Ashvin Kumar's THE FOREST released over five years ago on the festival circuit, gets its due in the PVRs Director's Rare Category. The film uses the story of a man-eating Leopard to address environmental concerns. But embedded deep within the plot is another serious issue which needs to be addressed -- abortion and per-marital sex.
Of course, Ashvin has not gone hammer and tongs on the issue but has addressed it rather subtly. Full marks to him for throwing light on the ills of abortion and how we should save life. If humans can first learn to protect their own, they will then have empathy to save their environment.

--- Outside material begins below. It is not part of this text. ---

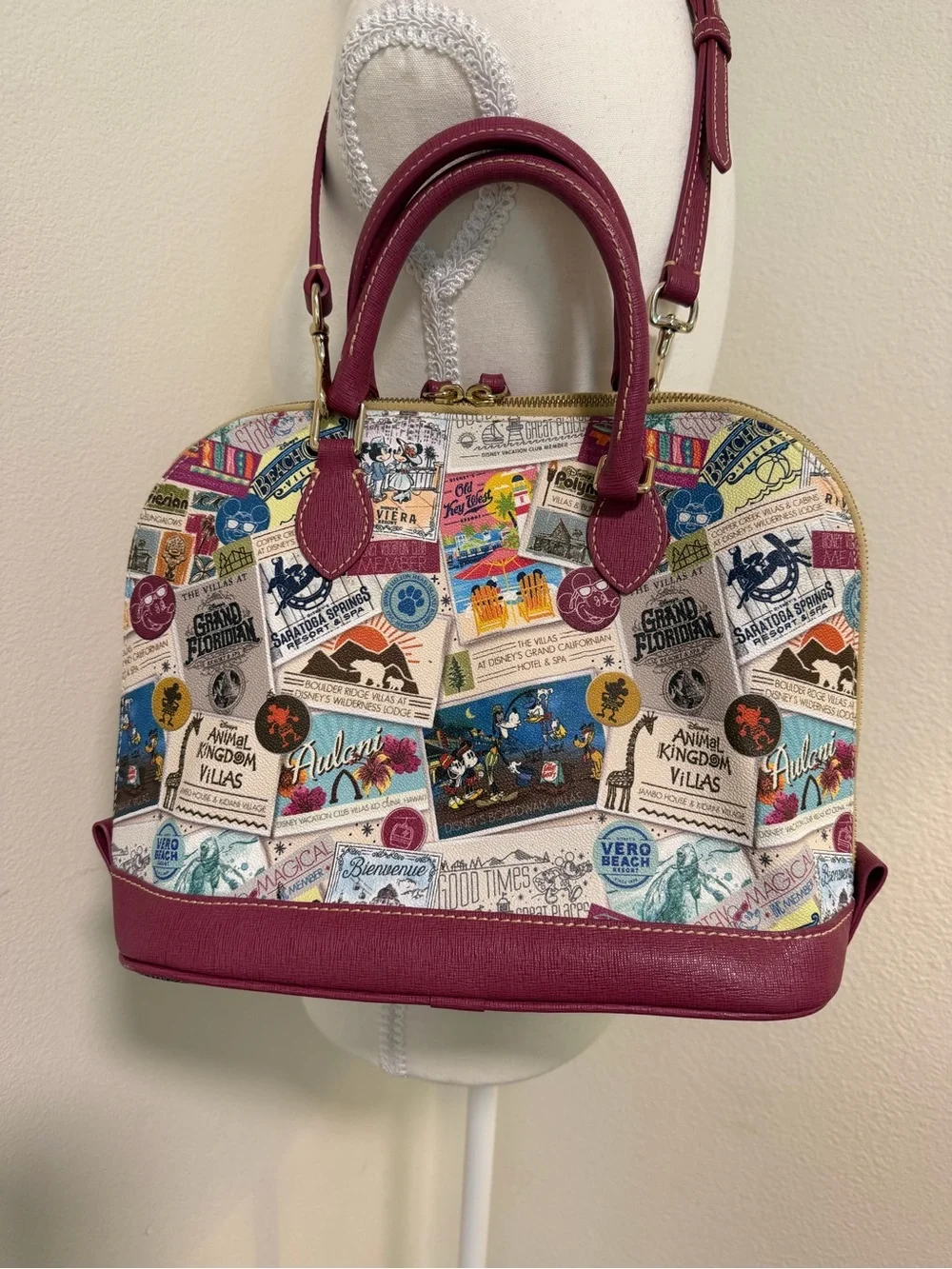 Dooney & Bourke Multicolor Disney Vacation Club Dome Satchel Burgundy Trim Purse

Radha (Nandana Sen) and Pritam (Ankur Vikal) have been married for 12 years. They have known each other since college days. Childlessness plays a big factor in their marriage and they decide to retreat to the wildlife sanctuary in the Kumaon Hills to give their marriage the proverbial 'shot in the arm'. Here they meet Radha's old boyfriend Abhishek (Javed Jaffrey) and his 12-year-old son, Arjun (Salim Ali Zaidi). Abhishek has lost his wife and is now the Warden at this sanctuary. Through Pritam, Abhishek learns that Radha was forced to have an abortion with a quack when in college. "Back then I was just having fun... you know how it is," explains Pritam to Abhishek. Fun soon turned into love and they got married. But the mistake of their past haunts their future -- Radha will never be able to conceive again. This has caused a huge void within them.
In the meanwhile, unknown to all, a man-eating Leopard is on the prowl at the sanctuary. The quartet decides to have an adventurous night. Pritam climbs a tree with a torch and gun in hand, while the rest look on from afar from the comfort of their jeep. This 'exercise' which was to last half-an-hour- turns into a nightmare as Bhola Ram (Tarun Shukla) the superintendent at the Wild Life walks in on them. He escorts them back leaving Pritam on the tree. Back in the bungalow Abhishek and Radha 'begin' from where they 'left off' during college days. While 'at it', Arjun walks in on them. Meanwhile, Pritam has spotted the leopard and is saved in time by Bhola Ram who has come back on his rounds. He sends him back in his jeep.
When Abhiskek arrives to take Pritam back he finds an injured Bhola Ram. He manages to take him back to the bungalow. Back in the house, Pritam realizes what has happened and refuses to open the door not realizing that Abhishek is indeed in need of help.
Sound and 'night effects' are top notch and has you on the edge of the seat. The plot too moves at a leisurely pace with every actor playing their part to the hilt. The action scenes involving the attack by the Leopard too are gripping and on par with the best seen in this category.
But when night breaks into dawn the protagonists speak about the Leopard and the attack and how it would not have eaten man had it not been for the mistake of man, by encroaching on their habitat. You also leave the theatre with the sobering thought about pre-marital sex and the ills of abortion.